Background: Ethical and professional guidelines recommend disclosure of medical errors to patients. The objective of this study was to review the empirical literature on disclosure of medical errors with respect to (1) the decision to disclose, (2) the process of informing the patient and family, and (3) the consequences of disclosure or nondisclosure.
Methods: We searched 4 electronic databases (MEDLINE, CINAHL, PsycINFO, and Social Sciences Citations Index) and the reference lists of relevant articles for English-language studies on disclosure of medical errors. From more than 800 titles reviewed, we identified 17 articles reporting original empirical data on disclosure of medical errors to patients and families. We examined methods and results of the articles and extracted study designs, data collection procedures, populations sampled, response rates, and definitions of error.
Results: Available research findings suggest that patients and the public support disclosure. Physicians also indicate support for disclosure, but often do not disclose. We found insufficient empirical evidence to support conclusions about the disclosure process or its consequences.

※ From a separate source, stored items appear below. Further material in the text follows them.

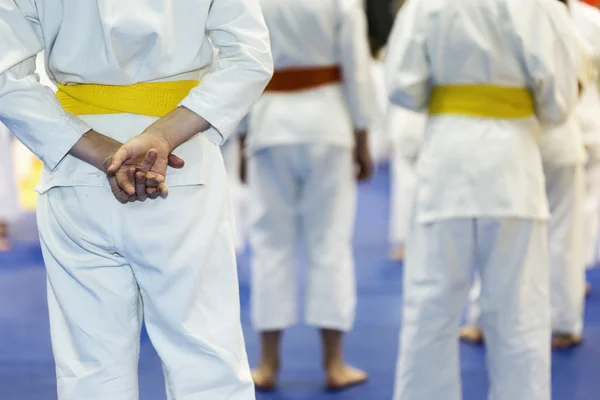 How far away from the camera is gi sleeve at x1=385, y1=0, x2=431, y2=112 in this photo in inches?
113

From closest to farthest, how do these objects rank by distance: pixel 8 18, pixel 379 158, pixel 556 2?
pixel 8 18 < pixel 556 2 < pixel 379 158

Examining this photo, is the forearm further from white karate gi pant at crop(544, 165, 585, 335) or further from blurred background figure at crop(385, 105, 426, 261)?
white karate gi pant at crop(544, 165, 585, 335)

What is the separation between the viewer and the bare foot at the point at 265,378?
144 inches

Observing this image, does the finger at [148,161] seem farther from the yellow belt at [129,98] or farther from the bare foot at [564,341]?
the bare foot at [564,341]

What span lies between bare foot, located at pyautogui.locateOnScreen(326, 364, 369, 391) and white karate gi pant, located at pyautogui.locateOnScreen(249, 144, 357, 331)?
16 cm

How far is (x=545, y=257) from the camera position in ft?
9.45

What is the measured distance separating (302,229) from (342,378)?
593 mm

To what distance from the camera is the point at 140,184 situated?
6.00ft

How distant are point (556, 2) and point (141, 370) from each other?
210 cm

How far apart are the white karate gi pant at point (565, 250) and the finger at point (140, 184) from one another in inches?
99.1

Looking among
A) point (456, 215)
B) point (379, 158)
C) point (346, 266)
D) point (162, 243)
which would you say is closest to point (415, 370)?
point (456, 215)

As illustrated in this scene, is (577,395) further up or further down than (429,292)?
further down

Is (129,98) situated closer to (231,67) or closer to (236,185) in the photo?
(231,67)

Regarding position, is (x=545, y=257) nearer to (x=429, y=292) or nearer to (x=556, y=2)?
(x=429, y=292) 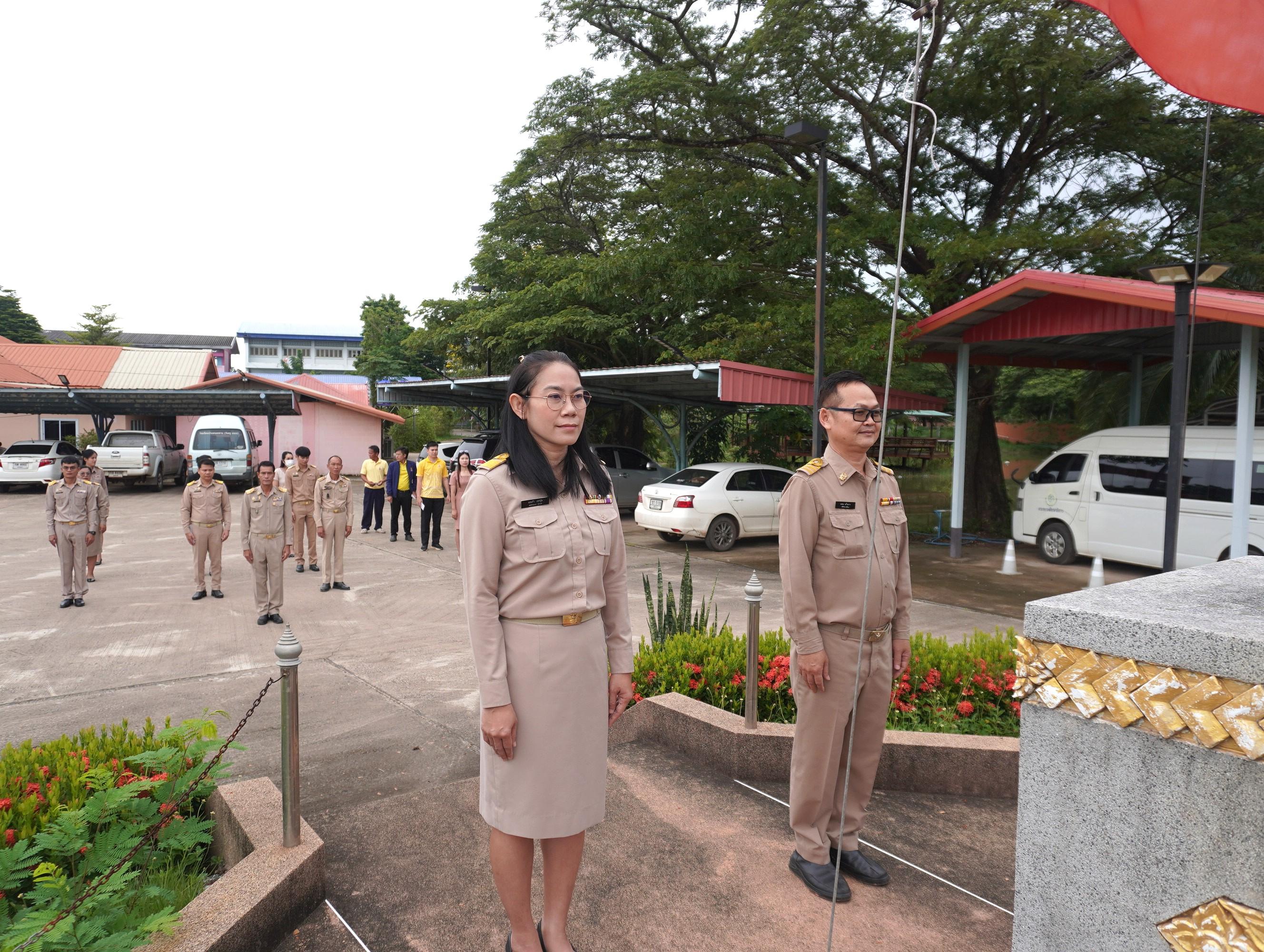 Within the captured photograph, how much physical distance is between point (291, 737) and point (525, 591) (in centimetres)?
128

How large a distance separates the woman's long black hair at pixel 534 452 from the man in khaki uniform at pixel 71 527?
8.63 m

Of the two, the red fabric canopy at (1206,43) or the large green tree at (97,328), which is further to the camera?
the large green tree at (97,328)

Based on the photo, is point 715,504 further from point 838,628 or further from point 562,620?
point 562,620

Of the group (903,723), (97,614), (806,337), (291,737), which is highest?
(806,337)

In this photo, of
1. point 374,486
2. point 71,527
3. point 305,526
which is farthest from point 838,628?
point 374,486

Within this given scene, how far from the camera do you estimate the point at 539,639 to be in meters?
2.46

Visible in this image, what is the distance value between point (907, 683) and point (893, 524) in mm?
1983

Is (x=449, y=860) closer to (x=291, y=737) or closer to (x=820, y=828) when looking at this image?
(x=291, y=737)

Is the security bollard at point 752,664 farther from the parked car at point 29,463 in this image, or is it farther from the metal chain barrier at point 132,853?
the parked car at point 29,463

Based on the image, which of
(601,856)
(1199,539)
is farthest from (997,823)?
(1199,539)

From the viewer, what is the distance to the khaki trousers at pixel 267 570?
8.55 meters

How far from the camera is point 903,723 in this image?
4.55 metres

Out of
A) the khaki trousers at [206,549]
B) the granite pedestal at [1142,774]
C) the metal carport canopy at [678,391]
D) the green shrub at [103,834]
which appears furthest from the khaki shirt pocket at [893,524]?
A: the khaki trousers at [206,549]

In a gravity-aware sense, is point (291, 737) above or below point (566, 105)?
below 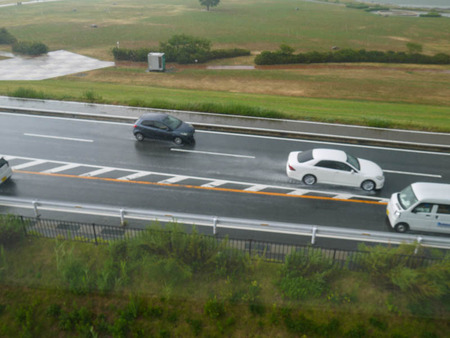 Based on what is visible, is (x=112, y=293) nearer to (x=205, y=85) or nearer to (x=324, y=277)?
(x=324, y=277)

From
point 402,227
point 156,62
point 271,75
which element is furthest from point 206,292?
point 156,62

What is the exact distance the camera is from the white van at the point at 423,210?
40.0ft

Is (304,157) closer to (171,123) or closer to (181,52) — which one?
(171,123)

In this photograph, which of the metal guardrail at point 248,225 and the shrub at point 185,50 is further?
the shrub at point 185,50

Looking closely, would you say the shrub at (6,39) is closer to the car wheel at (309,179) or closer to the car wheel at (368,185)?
the car wheel at (309,179)

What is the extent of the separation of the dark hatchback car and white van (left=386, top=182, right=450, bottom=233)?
415 inches

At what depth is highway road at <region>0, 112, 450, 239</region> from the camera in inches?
551

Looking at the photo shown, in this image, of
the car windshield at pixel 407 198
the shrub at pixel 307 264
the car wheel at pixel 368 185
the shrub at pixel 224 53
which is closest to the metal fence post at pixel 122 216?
the shrub at pixel 307 264

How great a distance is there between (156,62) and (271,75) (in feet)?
41.7

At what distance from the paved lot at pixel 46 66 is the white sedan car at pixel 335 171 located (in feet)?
105

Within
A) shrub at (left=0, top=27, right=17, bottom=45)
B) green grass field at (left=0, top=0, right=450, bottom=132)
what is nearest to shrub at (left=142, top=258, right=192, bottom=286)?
green grass field at (left=0, top=0, right=450, bottom=132)

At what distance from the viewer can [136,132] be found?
1934cm

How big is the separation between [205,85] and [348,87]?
1373 centimetres

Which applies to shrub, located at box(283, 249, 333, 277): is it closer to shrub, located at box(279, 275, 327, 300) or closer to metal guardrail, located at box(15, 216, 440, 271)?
metal guardrail, located at box(15, 216, 440, 271) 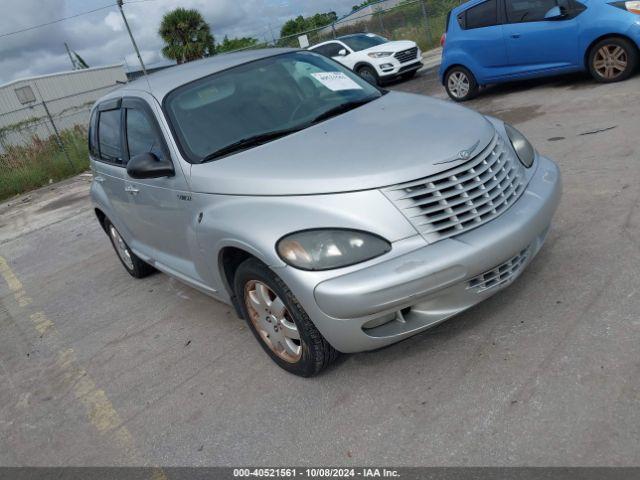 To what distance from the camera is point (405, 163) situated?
288 cm

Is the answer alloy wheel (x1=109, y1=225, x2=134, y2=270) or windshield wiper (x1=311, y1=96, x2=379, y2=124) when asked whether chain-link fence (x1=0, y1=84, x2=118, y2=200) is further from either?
windshield wiper (x1=311, y1=96, x2=379, y2=124)

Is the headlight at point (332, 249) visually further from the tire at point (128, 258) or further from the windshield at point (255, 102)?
the tire at point (128, 258)

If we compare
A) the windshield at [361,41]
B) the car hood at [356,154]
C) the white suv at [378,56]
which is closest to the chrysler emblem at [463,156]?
the car hood at [356,154]

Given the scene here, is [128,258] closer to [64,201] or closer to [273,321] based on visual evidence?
[273,321]

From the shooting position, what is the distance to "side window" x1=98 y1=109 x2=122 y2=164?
4.68 m

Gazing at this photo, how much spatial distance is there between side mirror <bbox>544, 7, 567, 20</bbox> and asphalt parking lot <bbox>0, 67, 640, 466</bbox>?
3440mm

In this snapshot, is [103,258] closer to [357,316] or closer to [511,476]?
[357,316]

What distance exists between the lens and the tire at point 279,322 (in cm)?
293

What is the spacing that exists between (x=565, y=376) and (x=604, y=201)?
2.22m

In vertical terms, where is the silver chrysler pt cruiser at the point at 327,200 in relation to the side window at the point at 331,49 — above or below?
above

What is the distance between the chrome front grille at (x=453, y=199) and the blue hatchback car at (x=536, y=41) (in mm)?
5983

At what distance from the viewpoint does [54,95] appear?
37312mm

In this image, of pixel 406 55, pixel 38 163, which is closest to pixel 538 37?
pixel 406 55

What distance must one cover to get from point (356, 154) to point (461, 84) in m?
7.36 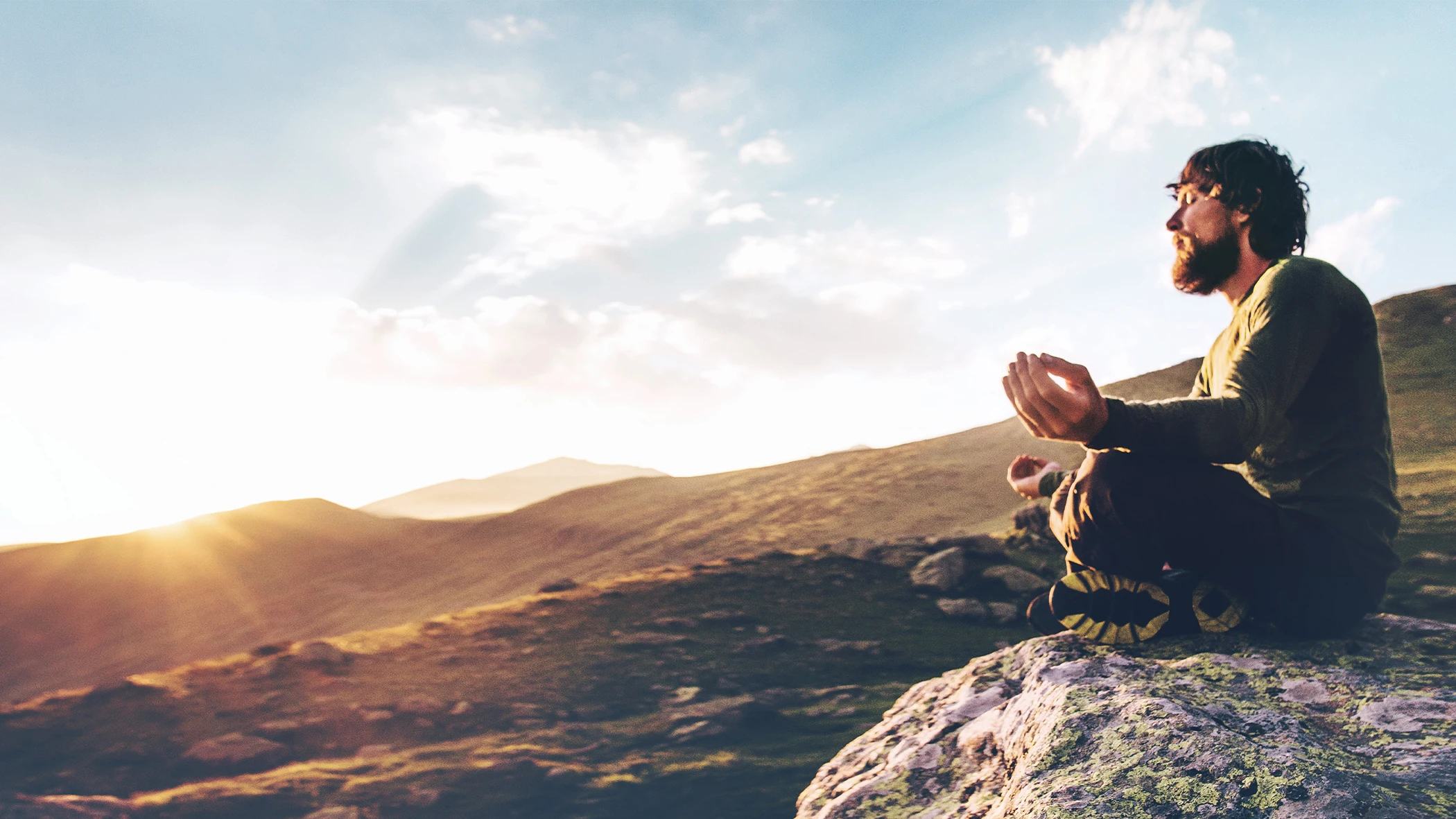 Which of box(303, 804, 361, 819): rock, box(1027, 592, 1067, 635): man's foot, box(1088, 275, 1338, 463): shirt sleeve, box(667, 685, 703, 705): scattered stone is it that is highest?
box(1088, 275, 1338, 463): shirt sleeve

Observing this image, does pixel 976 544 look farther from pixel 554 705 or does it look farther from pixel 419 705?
pixel 419 705

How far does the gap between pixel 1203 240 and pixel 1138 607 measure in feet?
3.66

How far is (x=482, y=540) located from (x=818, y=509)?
1243 cm

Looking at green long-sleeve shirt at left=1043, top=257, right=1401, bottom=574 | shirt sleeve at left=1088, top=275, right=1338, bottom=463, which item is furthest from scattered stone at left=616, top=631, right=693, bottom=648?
shirt sleeve at left=1088, top=275, right=1338, bottom=463

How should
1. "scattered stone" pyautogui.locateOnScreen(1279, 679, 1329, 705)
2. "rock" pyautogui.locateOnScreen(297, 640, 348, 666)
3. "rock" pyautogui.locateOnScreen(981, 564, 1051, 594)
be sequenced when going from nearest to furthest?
1. "scattered stone" pyautogui.locateOnScreen(1279, 679, 1329, 705)
2. "rock" pyautogui.locateOnScreen(981, 564, 1051, 594)
3. "rock" pyautogui.locateOnScreen(297, 640, 348, 666)

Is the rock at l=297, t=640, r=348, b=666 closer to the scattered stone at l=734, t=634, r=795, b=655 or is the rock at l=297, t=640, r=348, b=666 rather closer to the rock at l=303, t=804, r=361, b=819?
the rock at l=303, t=804, r=361, b=819

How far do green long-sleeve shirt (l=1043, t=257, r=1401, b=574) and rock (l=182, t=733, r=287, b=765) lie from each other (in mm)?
7283

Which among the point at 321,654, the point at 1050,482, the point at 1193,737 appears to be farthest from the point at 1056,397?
the point at 321,654

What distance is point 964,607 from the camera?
7789 mm

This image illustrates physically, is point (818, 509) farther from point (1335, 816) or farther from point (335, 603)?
point (1335, 816)

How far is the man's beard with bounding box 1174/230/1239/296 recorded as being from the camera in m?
2.29

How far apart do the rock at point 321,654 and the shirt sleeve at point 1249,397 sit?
8.89 metres

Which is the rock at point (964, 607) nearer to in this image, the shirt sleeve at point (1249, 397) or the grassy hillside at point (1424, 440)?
the grassy hillside at point (1424, 440)

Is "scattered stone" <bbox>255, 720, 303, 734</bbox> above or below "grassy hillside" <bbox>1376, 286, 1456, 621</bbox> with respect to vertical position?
below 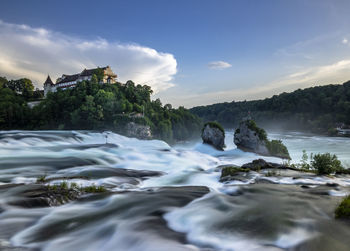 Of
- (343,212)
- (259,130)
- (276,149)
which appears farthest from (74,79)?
(343,212)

Conclusions: Empirical research on disclosure of medical errors to patients and families has been limited, and studies have focused primarily on the decision stage of disclosure. Fewer have considered the disclosure process, the consequences of disclosure, or the relationship between the two. Additional research is needed to understand how disclosure decisions are made, to provide guidance to physicians on the process, and to help all involved anticipate the consequences of disclosure.